Work request:
Everything below from the line with "Mens UK Size" through the line with "Decorably Kindergarten Math" should be copied exactly, and nothing else; leave out the pictures.

Extracted records:
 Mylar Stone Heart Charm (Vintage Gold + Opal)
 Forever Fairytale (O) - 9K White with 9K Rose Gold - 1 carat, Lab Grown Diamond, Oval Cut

--

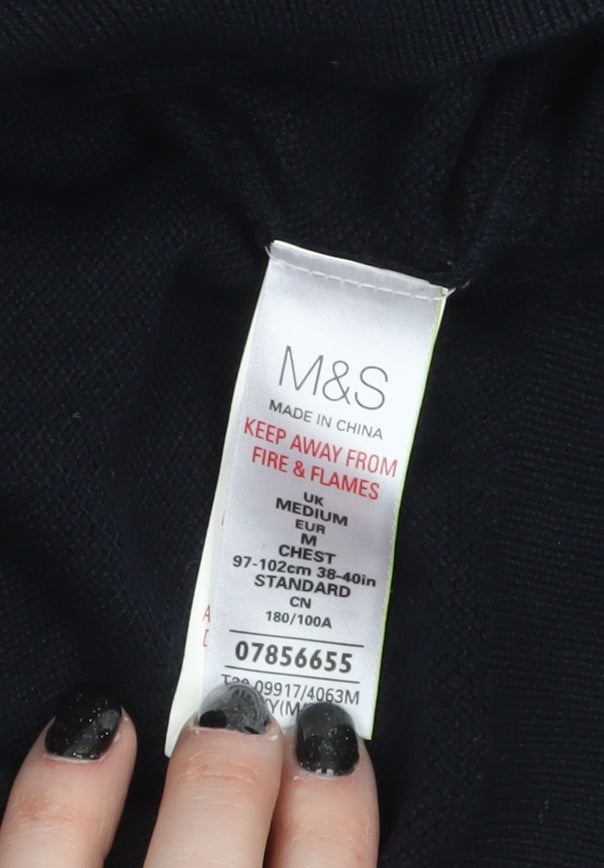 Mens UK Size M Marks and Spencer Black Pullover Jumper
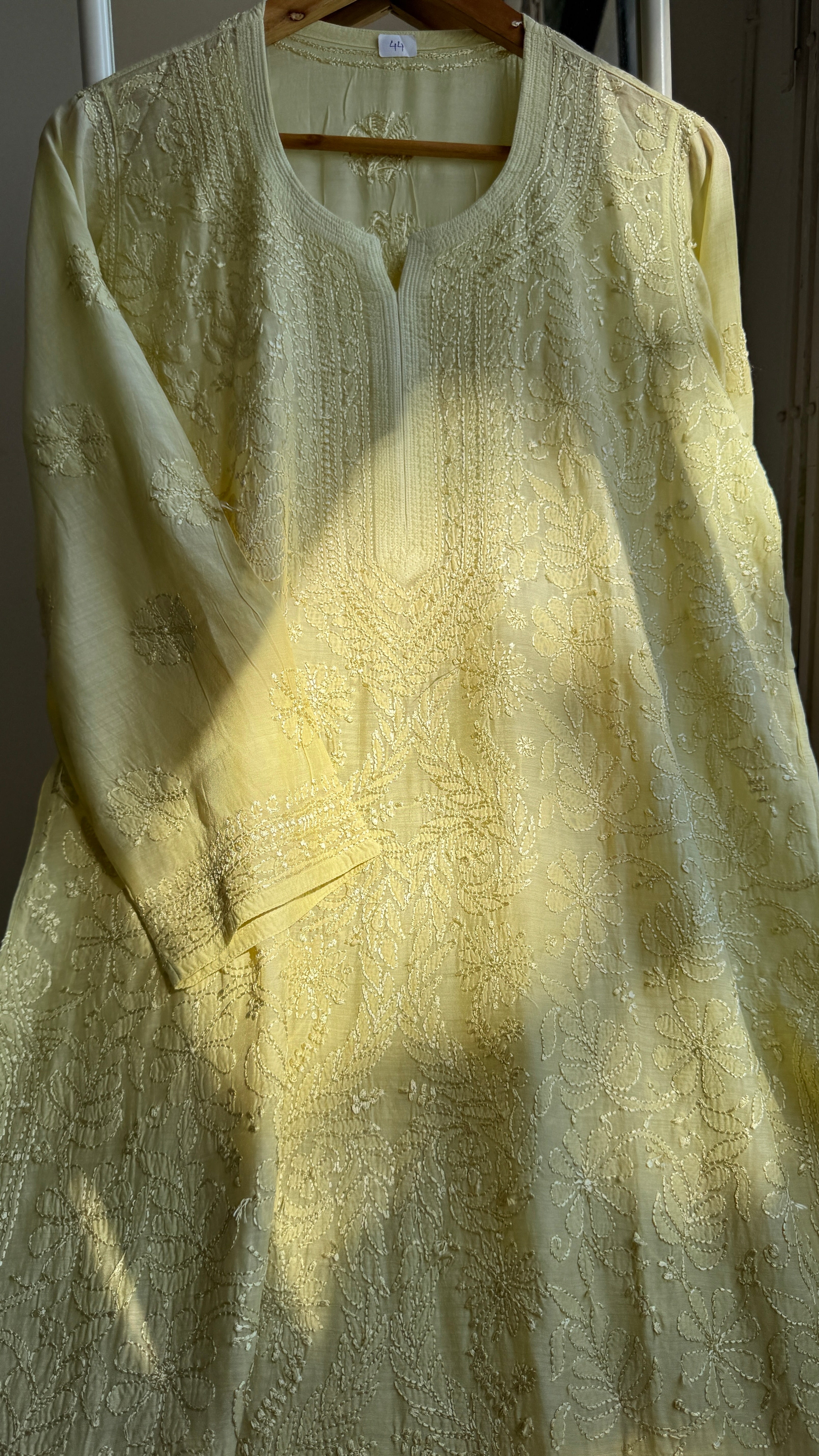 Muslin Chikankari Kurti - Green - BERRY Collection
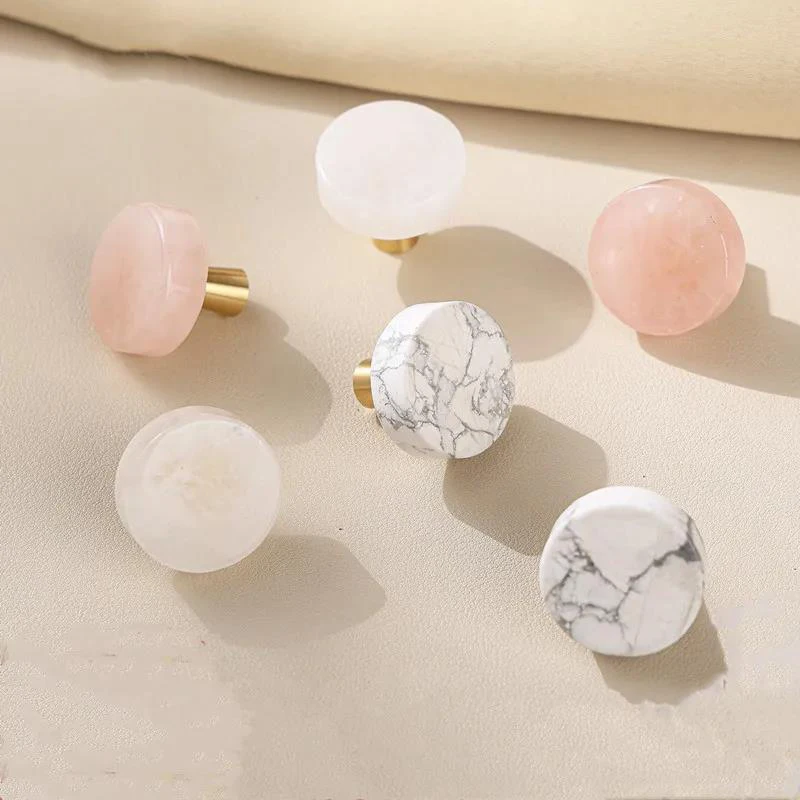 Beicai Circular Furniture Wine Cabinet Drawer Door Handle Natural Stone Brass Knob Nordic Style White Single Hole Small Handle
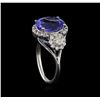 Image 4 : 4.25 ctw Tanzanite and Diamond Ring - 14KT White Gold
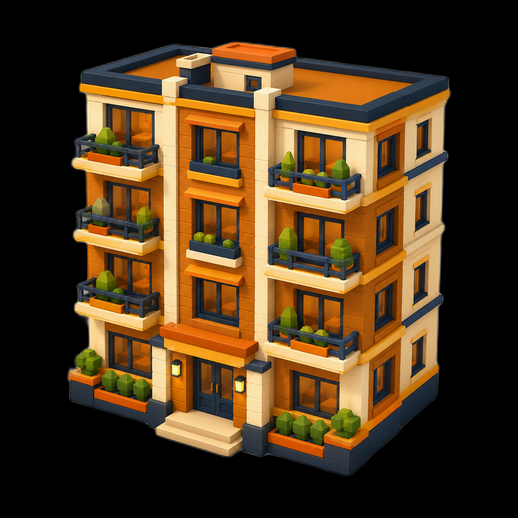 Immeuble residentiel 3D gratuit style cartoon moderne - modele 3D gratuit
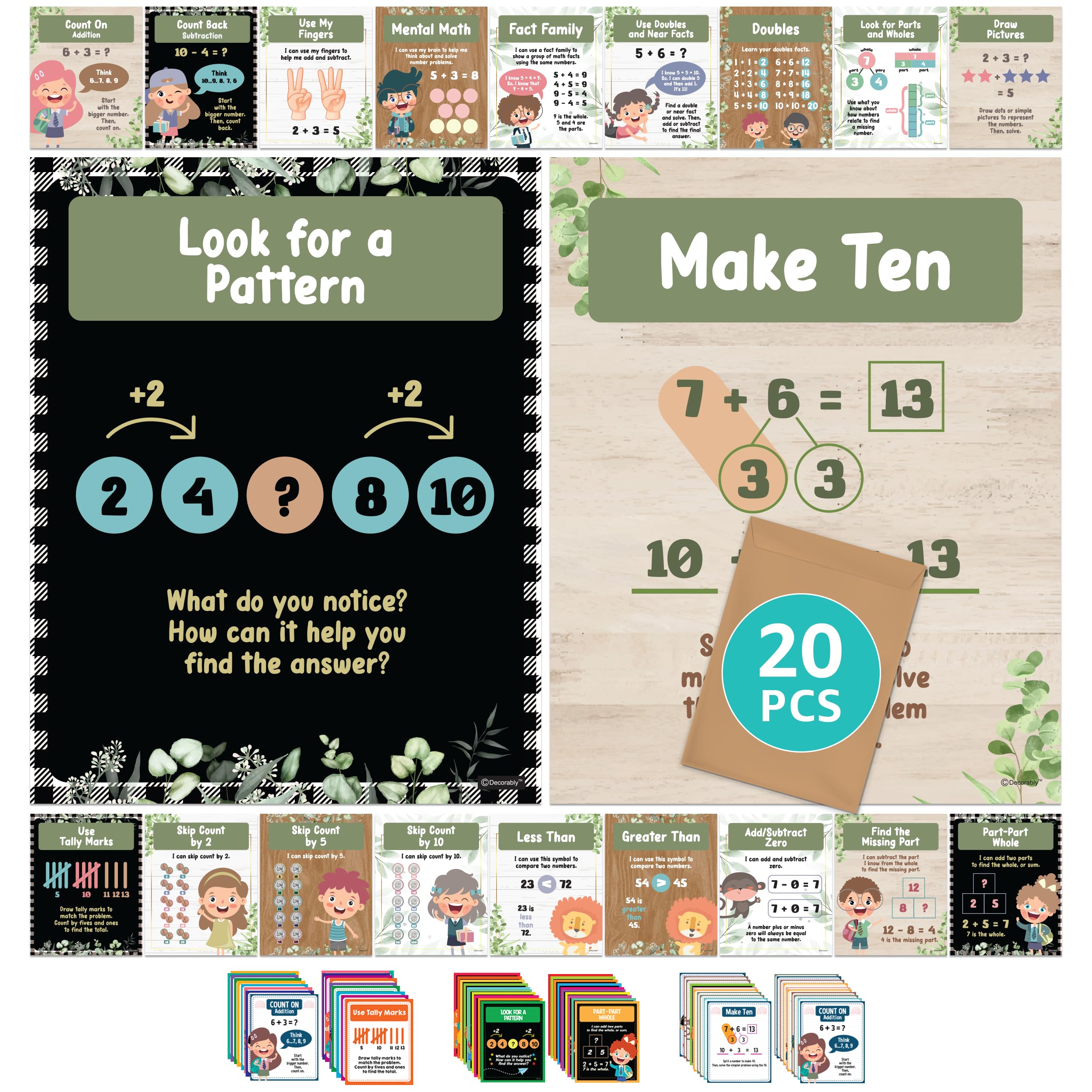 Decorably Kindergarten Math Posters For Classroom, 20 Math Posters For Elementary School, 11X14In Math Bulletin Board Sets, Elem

Result below:
 Mens UK Size M Marks and Spencer Black Pullover Jumper
 Muslin Chikankari Kurti - Green - BERRY Collection
 Beicai Circular Furniture Wine Cabinet Drawer Door Handle Natural Stone Brass Knob Nordic Style White Single Hole Small Handle
 Image 4 : 4.25 ctw Tanzanite and Diamond Ring - 14KT White Gold
 Immeuble residentiel 3D gratuit style cartoon moderne - modele 3D gratuit
 Decorably Kindergarten Math Posters For Classroom, 20 Math Posters For Elementary School, 11X14In Math Bulletin Board Sets, Elem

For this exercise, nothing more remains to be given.